(Records supplied)

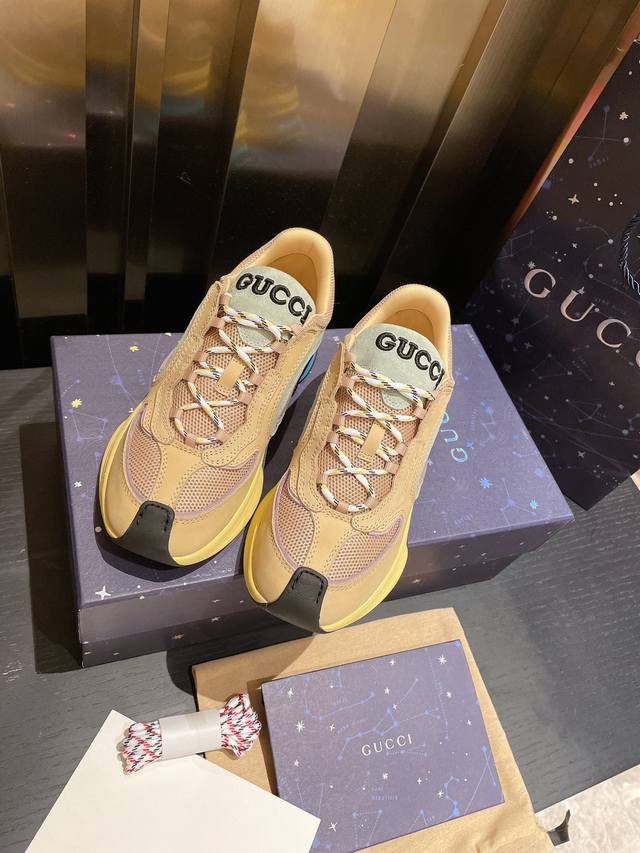 Gucci Run系列情侣款运动鞋 23Ss最新爆款 老爹鞋运动鞋，专柜购买原版一比一打造 所有细节 材料 全部跟你在专柜买到的都一样 独家原版材质，原版一致的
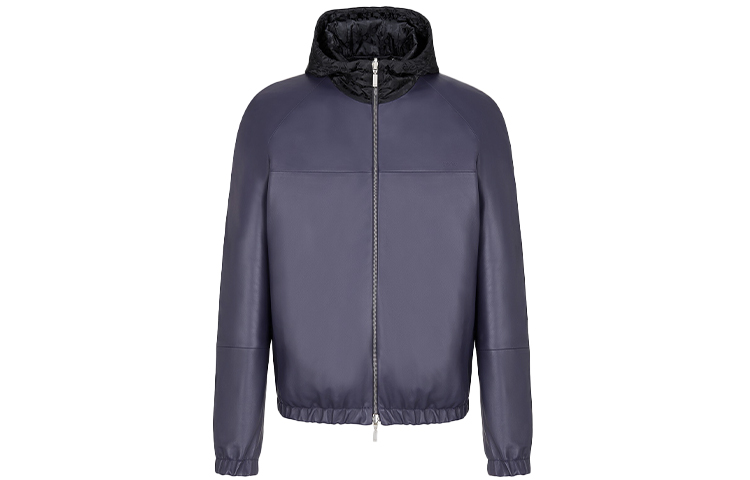 Dior Reversible Hooded Waist-Tied Long-Sleeve Jacket Purple 013L421B0386-C485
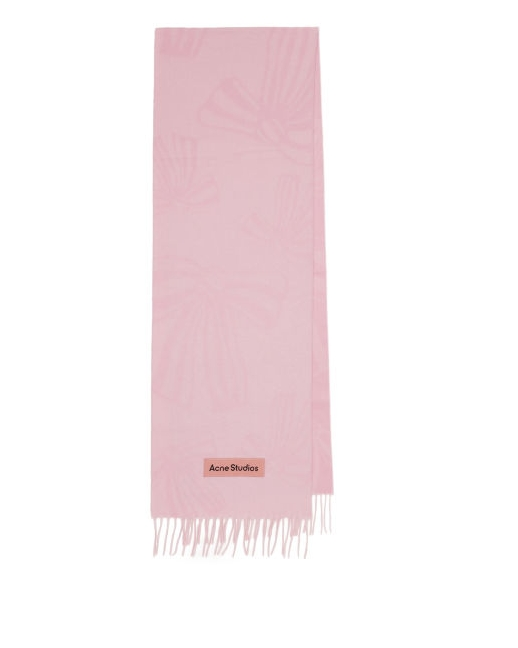 Acne Studios 徽标缝饰围巾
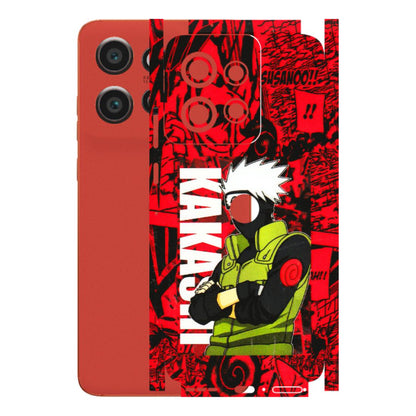 Motorola Phone Skins (All Models) - Kakashi Red Anime - 3D Embossed Finish (L-251) Motorola Edge 50 Neo (5G)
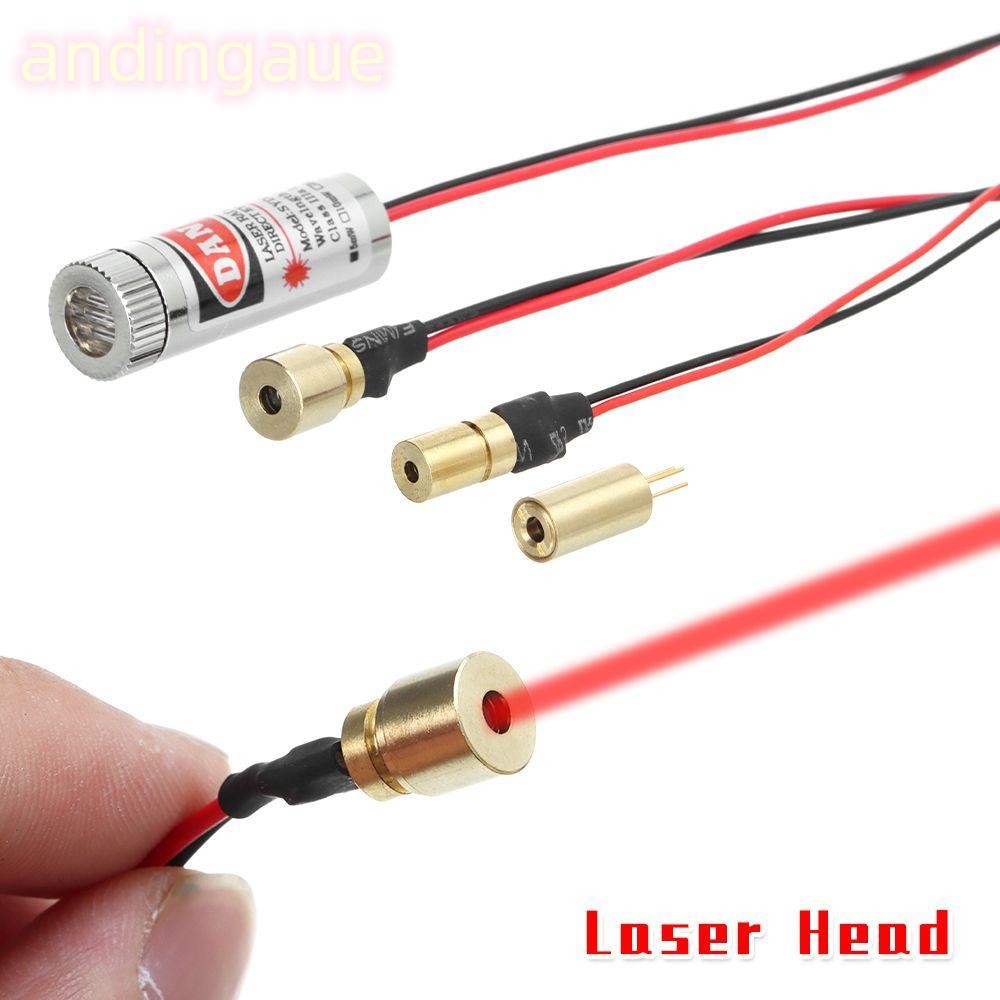 ANDIN Point/Line Laser 650nm 5mW Focusable Focus Adjustable Laser Module Head Laser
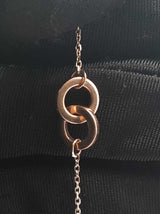 14k Rose Gold Linked Circles Pendant Necklace 2.2 Grams 18.5 Inch Fw0926lwzdu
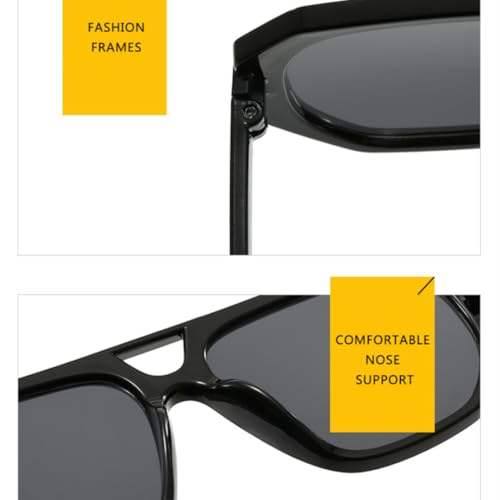 Lunettes de soleil rétro anti-fatigue oculaire monture thé léopard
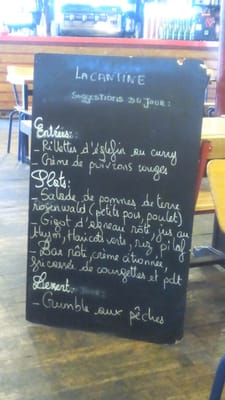 Menu photo 1 La Cantine de Belleville Paris, 75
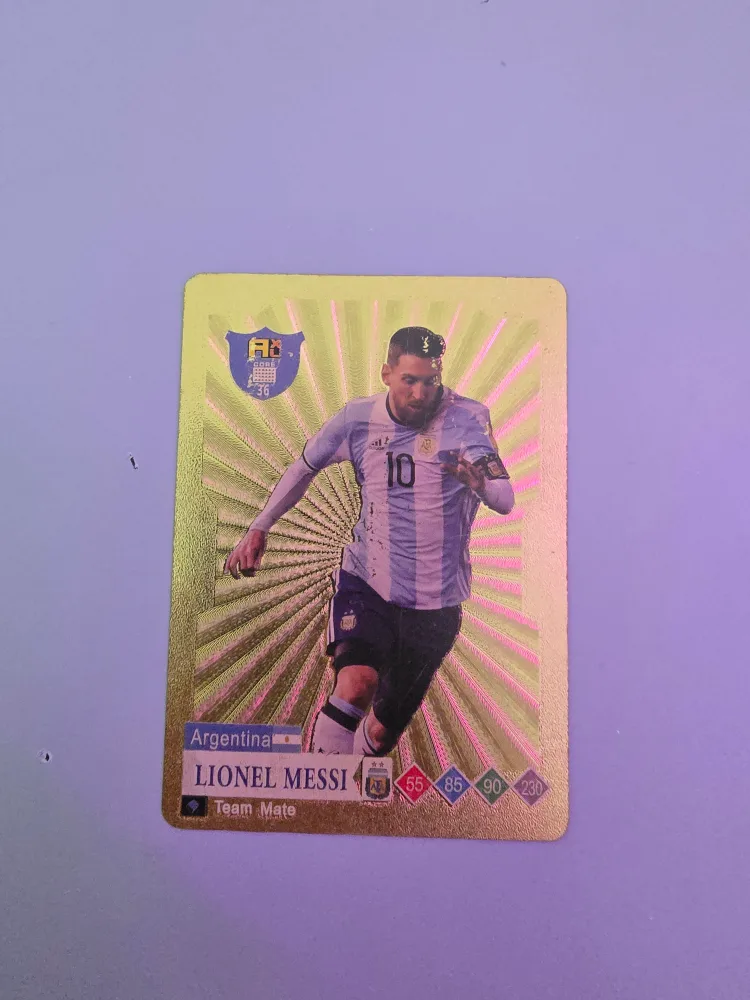 Lionel Messi World Football Stars Card thumbnail
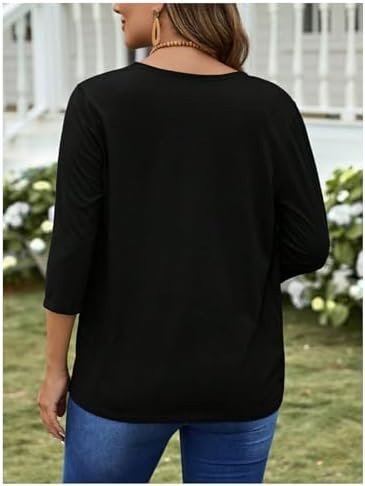 WDIRARA Women's Asymmetrical Hem Open Front Thin Jackets 3/4...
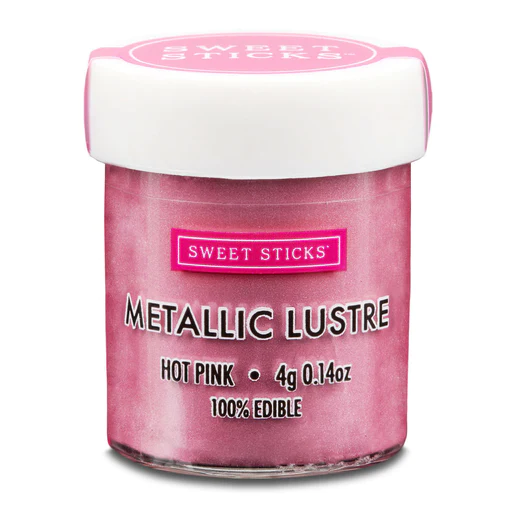 Hot Pink Lustre Dust 4g (Sweet Sticks)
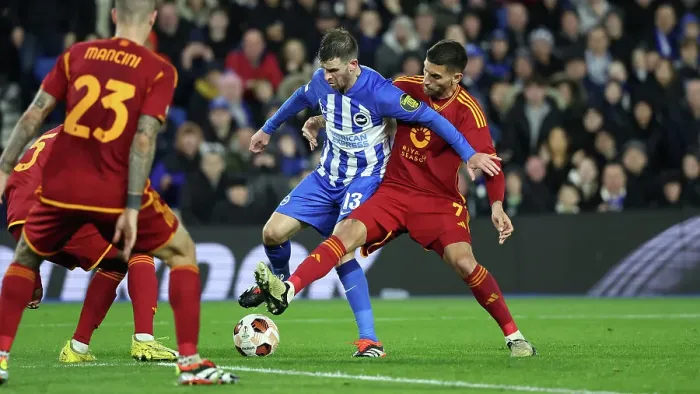 Framed Print : Brighton and Hove Albion v AS Roma Europa League - Round of 16, leg 2 of 2 14MAR24 Framed Print : Brighton and Hove Albion v AS Roma Europa League - Round of 16, leg 2 of 2 14MAR24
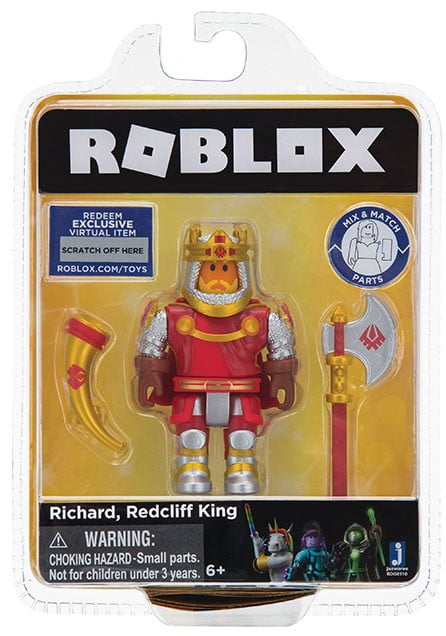 Roblox Celebrity Collection Richard Redcliff King Figure Pack Includes Exclusive Virtual Item Walmart Com Walmart Com - roblox king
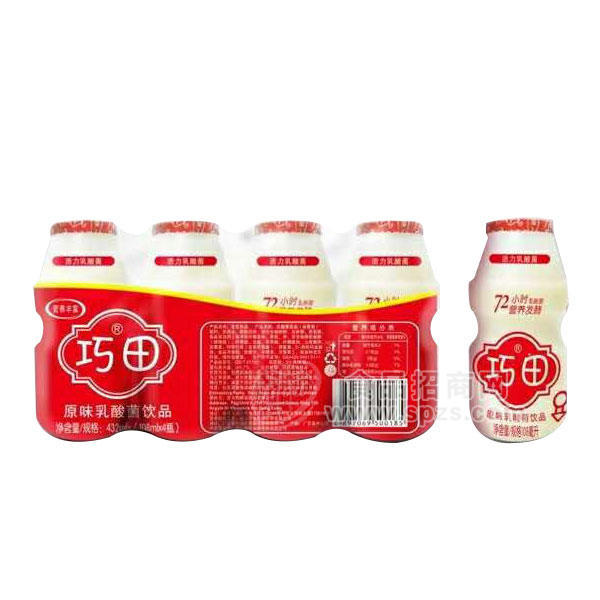 ·巧田 原味乳酸菌饮品  432ML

(End Records supplied)

Assigned task: All entries must be output unchanged, with every picture omitted.

Solution to this problem:
 Gucci Run系列情侣款运动鞋 23Ss最新爆款 老爹鞋运动鞋，专柜购买原版一比一打造 所有细节 材料 全部跟你在专柜买到的都一样 独家原版材质，原版一致的
 Dior Reversible Hooded Waist-Tied Long-Sleeve Jacket Purple 013L421B0386-C485
 Acne Studios 徽标缝饰围巾
 Motorola Phone Skins (All Models) - Kakashi Red Anime - 3D Embossed Finish (L-251) Motorola Edge 50 Neo (5G)
 ANDIN Point/Line Laser 650nm 5mW Focusable Focus Adjustable Laser Module Head Laser
 14k Rose Gold Linked Circles Pendant Necklace 2.2 Grams 18.5 Inch Fw0926lwzdu
 Lunettes de soleil rétro anti-fatigue oculaire monture thé léopard
 Menu photo 1 La Cantine de Belleville Paris, 75
 Lionel Messi World Football Stars Card thumbnail
 WDIRARA Women's Asymmetrical Hem Open Front Thin Jackets 3/4...
 Hot Pink Lustre Dust 4g (Sweet Sticks)
 Framed Print : Brighton and Hove Albion v AS Roma Europa League - Round of 16, leg 2 of 2 14MAR24 Framed Print : Brighton and Hove Albion v AS Roma Europa League - Round of 16, leg 2 of 2 14MAR24
 Roblox Celebrity Collection Richard Redcliff King Figure Pack Includes Exclusive Virtual Item Walmart Com Walmart Com - roblox king
 ·巧田 原味乳酸菌饮品  432ML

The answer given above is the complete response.